Given records Block Start

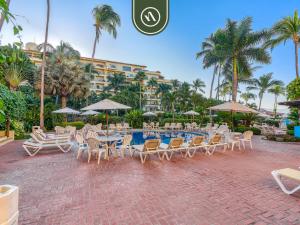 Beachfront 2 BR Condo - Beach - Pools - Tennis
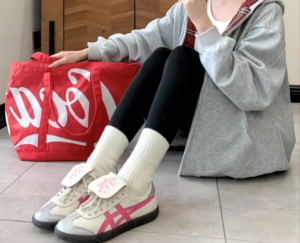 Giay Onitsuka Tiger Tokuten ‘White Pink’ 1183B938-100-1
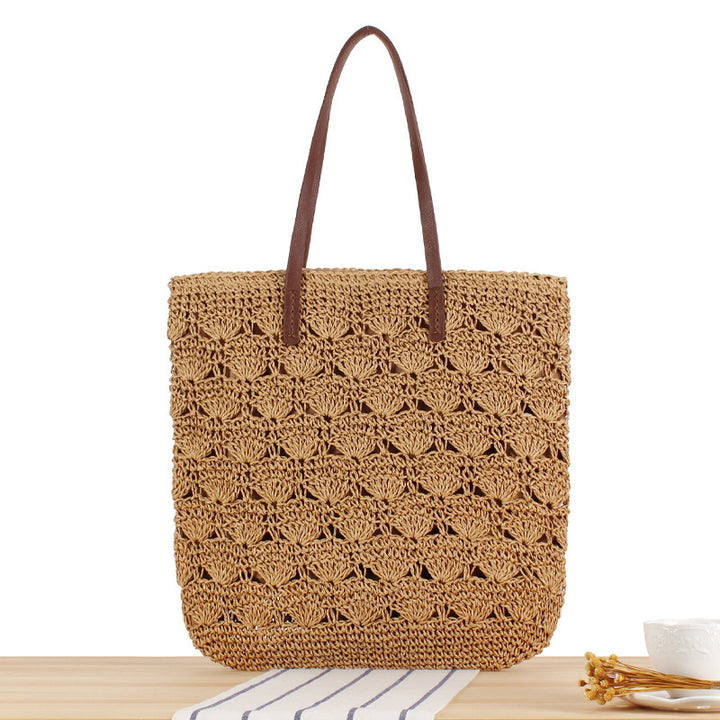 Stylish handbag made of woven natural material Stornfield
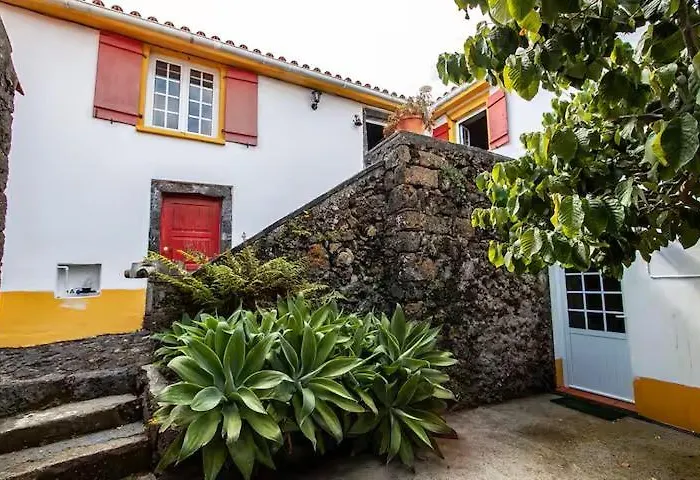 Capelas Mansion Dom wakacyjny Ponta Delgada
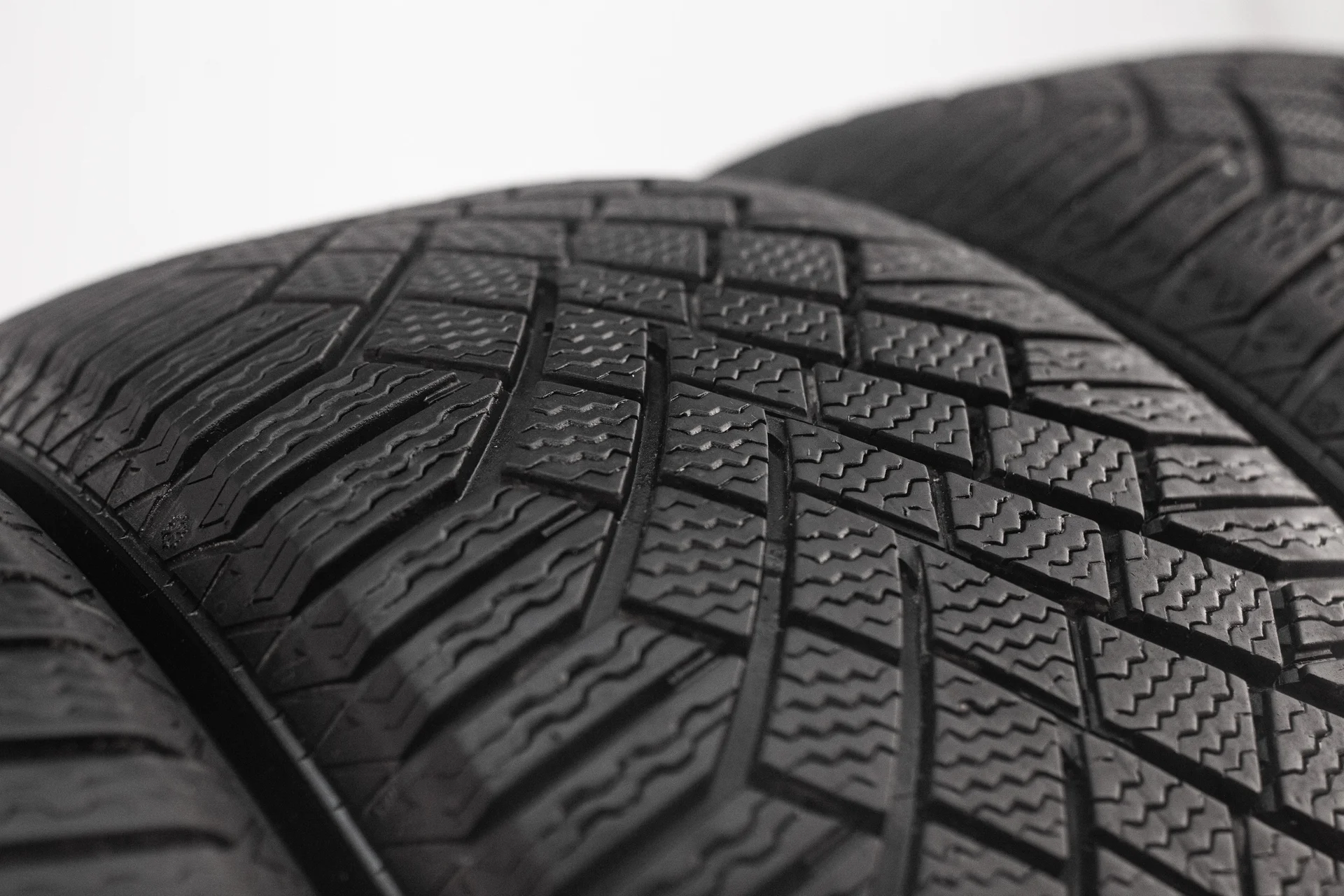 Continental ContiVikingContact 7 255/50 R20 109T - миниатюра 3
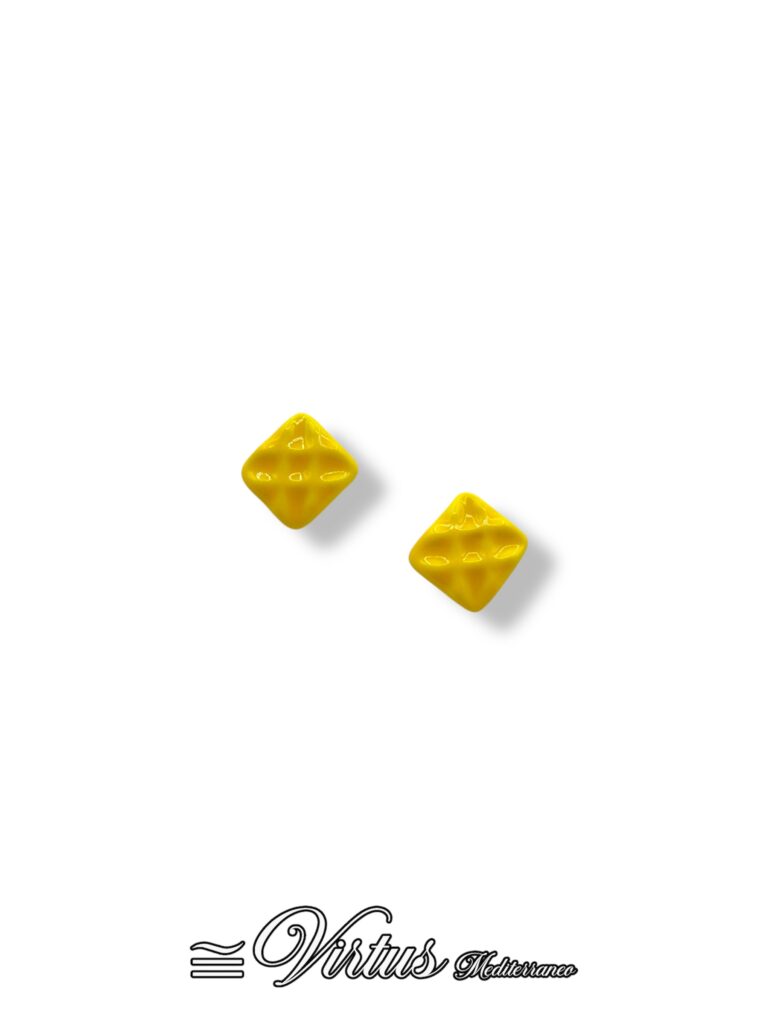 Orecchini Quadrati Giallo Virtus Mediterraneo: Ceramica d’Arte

Given records Block End
Given records Block Start

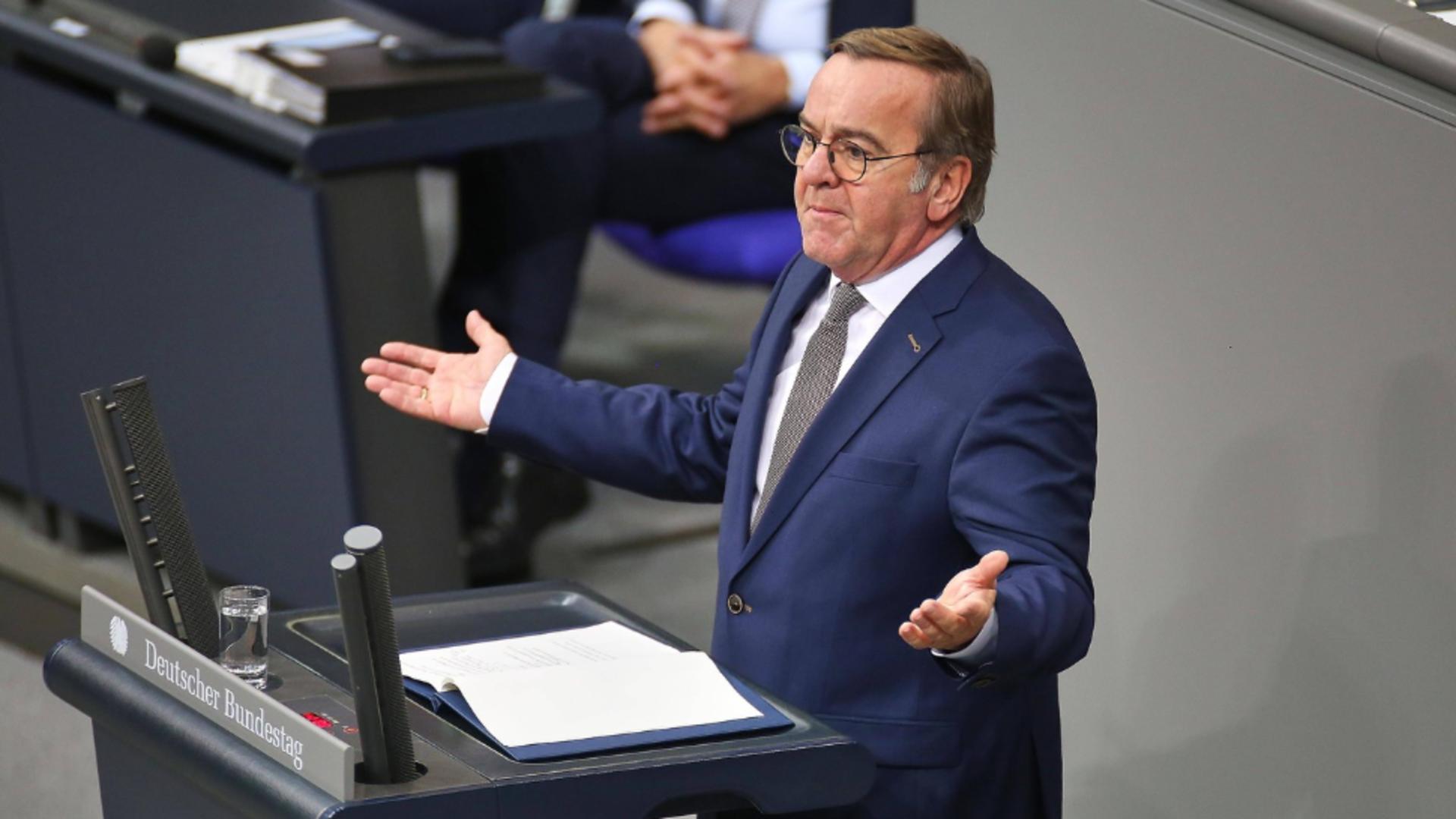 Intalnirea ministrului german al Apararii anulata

Given records Block End

◆ **Task goal**
Each line from the one that contains "Stylish handbag made" down to the one that contains "Orecchini Quadrati Giallo" is to be returned exactly as it stands above, both ends included, with pictures removed.

◆ **Result of the task**
 Stylish handbag made of woven natural material Stornfield
 Capelas Mansion Dom wakacyjny Ponta Delgada
 Continental ContiVikingContact 7 255/50 R20 109T - миниатюра 3
 Orecchini Quadrati Giallo Virtus Mediterraneo: Ceramica d’Arte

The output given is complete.